5 Reasons for Putting Your Personal Code Into Subversion

If you’ve ever programmed for an organization with multiple developers, you’ve most likely used some kind of system to synchronize, combine, and version code. Without a such a tool, changes to the same files amongst two or more people can get very confusing and hard to manage very quickly. However, even if you’re just dealing with your own, personal projects, a code repository is still a must.

1 – Versioning

One of the most powerful aspects of subversion is the ability to track changes to your code. I can’t count the number of times in the past where I’d make a change to my source and totally botch the program up.
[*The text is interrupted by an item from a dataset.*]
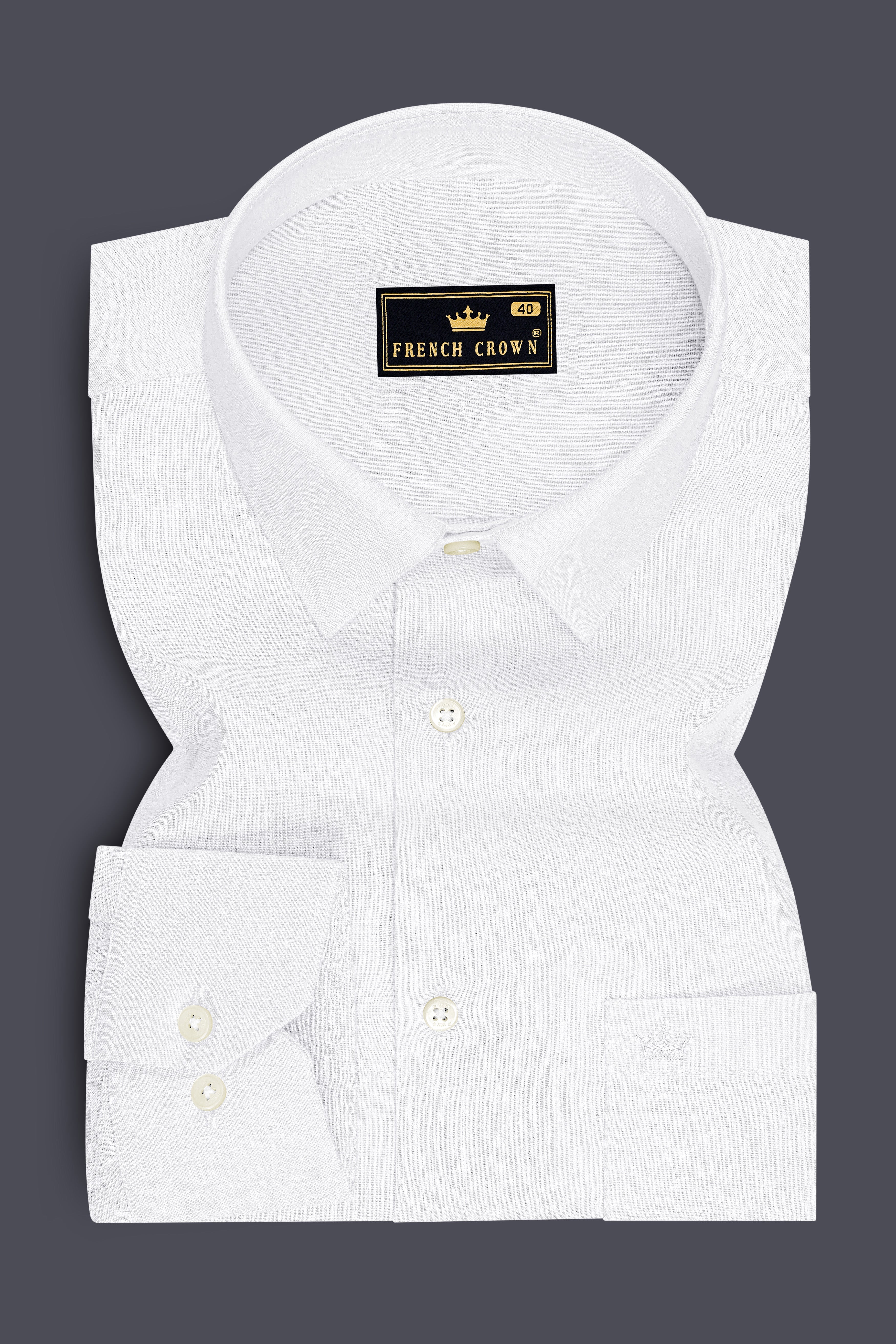 Luceo-Bright White Luxurious Linen Dress Shirt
And often times, I wouldn’t realize the screw up until later on, when it was too late to remember exactly when it had started acting up. With your code versioned (using copious comments), it is easy to look through the history of changes, revert back to a version or just grab the specific lines of code you need.

2 – Multiple Backups

Though it is, of course, possible to manually back up your code, the nice thing about working with a repository is the ease in maintaining backups. First off, if you’re actively working on a project, you’ll have two copies already – your working copy, and the copy in the repository. And when you backup the repository, you’ll be grabbing all your versions and comments at the same time. Combined with having all your repositories in one location that can be easily be grabbed, this makes for an easy to manage solution.

3 – Synchronize Code Between Multiple Computers

Like many people, I have both a desktop and a laptop (well, a netbook), and when at home, I of course prefer the large screen of the desktop. But I also am a fan of enjoying a cup of tea and a little programming at the cafe around the corner from me. Because of that, having code on my netbook is a necessity. Subversion allows me to quickly and easily synchronize my code between both machines, no problem.
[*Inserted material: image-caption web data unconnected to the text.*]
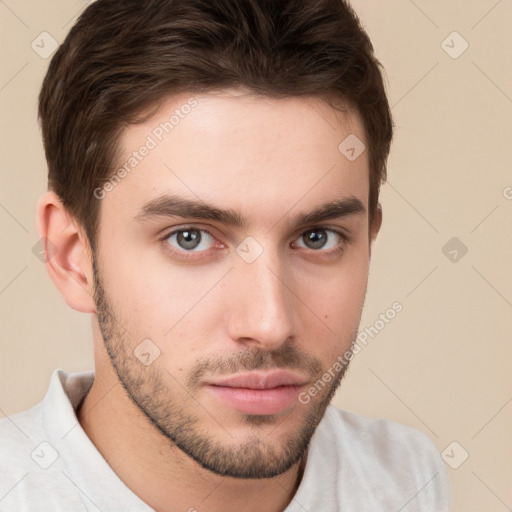 Neutral white young-adult male with short  brown hair and brown eyes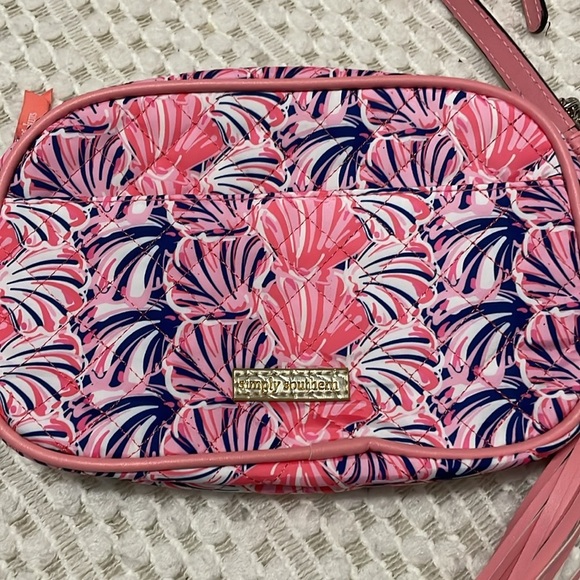 NWT Simply Southern Scallop Chaincross Pink and Blue Women's Crossbody Bag - Picture 2 of 15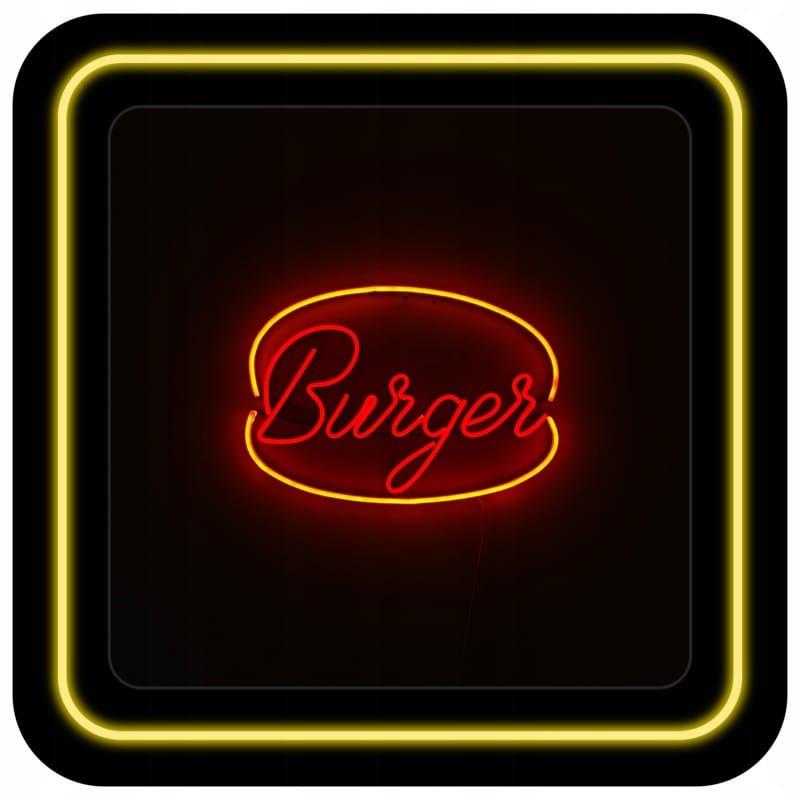 Laser Cut Burger Neon Sign Cafes Wall Decor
4 – Secure Method of Remotely Accessing Code

Related to #3, since SVN can integrate with SSH, it provides a method of securely accessing your code from anywhere in the world. Though I’ll normally sync my code to my netbook at home, if I get in a jam and ever need to grab my code from another machine, or if I forget to update my code at home, I have the ability to do so. And since it uses SSH, I simply need to map 1 port on my firewall, no crazy set up required.

5 – Integration With Popular IDEs

With Subversion being so popular, many IDEs and other tools have plugins to integrate the use of a svn repository directly into the program. Visual Studio, Eclipse, Anjuta, and Emacs all have subversion plugins/support. Additionally, Windows, OS X and Linux all have utilities to integrate SVN into the file managers/explorers (E.g. TortoiseSVN for Windows). With all these plugins, it makes using subversion a snap.
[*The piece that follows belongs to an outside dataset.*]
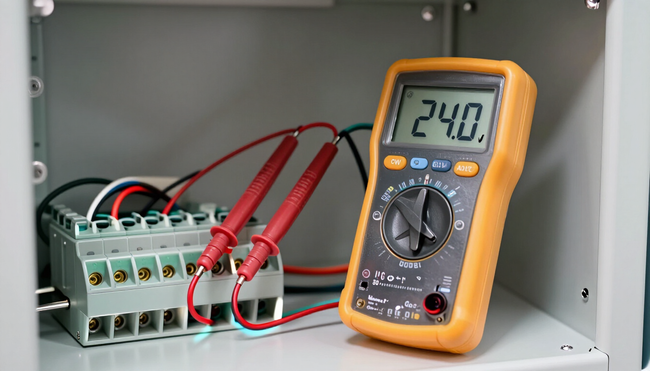 Digital multimeter and red probe leads inside an electrical cabinet, reading 24.0 volts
So if you haven’t already, take a day some weekend and move your source over into Subversion – it’ll take a little time depending on how much code you have, but you’ll be happy you did in the long run – it’s a fantastic tool, whether dealing with 50 developers or just yourself.

2 Responses to 5 Reasons for Putting Your Personal Code Into Subversion

  1. Chris says:

    Having worked worked with Toni, I can confirm that he has botched many programs. Of course I am kidding, but he makes a great point with subversion. I would like to add that it is also very useful when dealing with items other than source code. I am currently using it for OpenOffice files while writing a massive amount of documentation for Search Lucene API. Although I am the only person writing it, subversion allows me to easily work in multiple locations on different computers without accidentally overwriting my changes. I even have my girlfriend on subversion for her lesson plans, and it has saved her more than once in retrieving information that would have otherwise been lost and gone forever. SVN has an advanced binary comparison algorithm, so changes are stored efficiently inside the system. The bottom line is that Toni is a smart dude, so listen to him!

  2. Toni says:

    First off: Chris is the man for many reasons – two of which include: being a damn good engineer, and a Ghostbusters fan. So you should also listen to him – he has a lot of svn experience.

    Definitely a good point about non-source files as well – I keep all my electronics related files in subversion (CAD designs, schematics, firmwares, FPGA synthesis resources, etc), and documentation as well. And actually, it would be neat to see more svn plugins for non-programming related apps out there.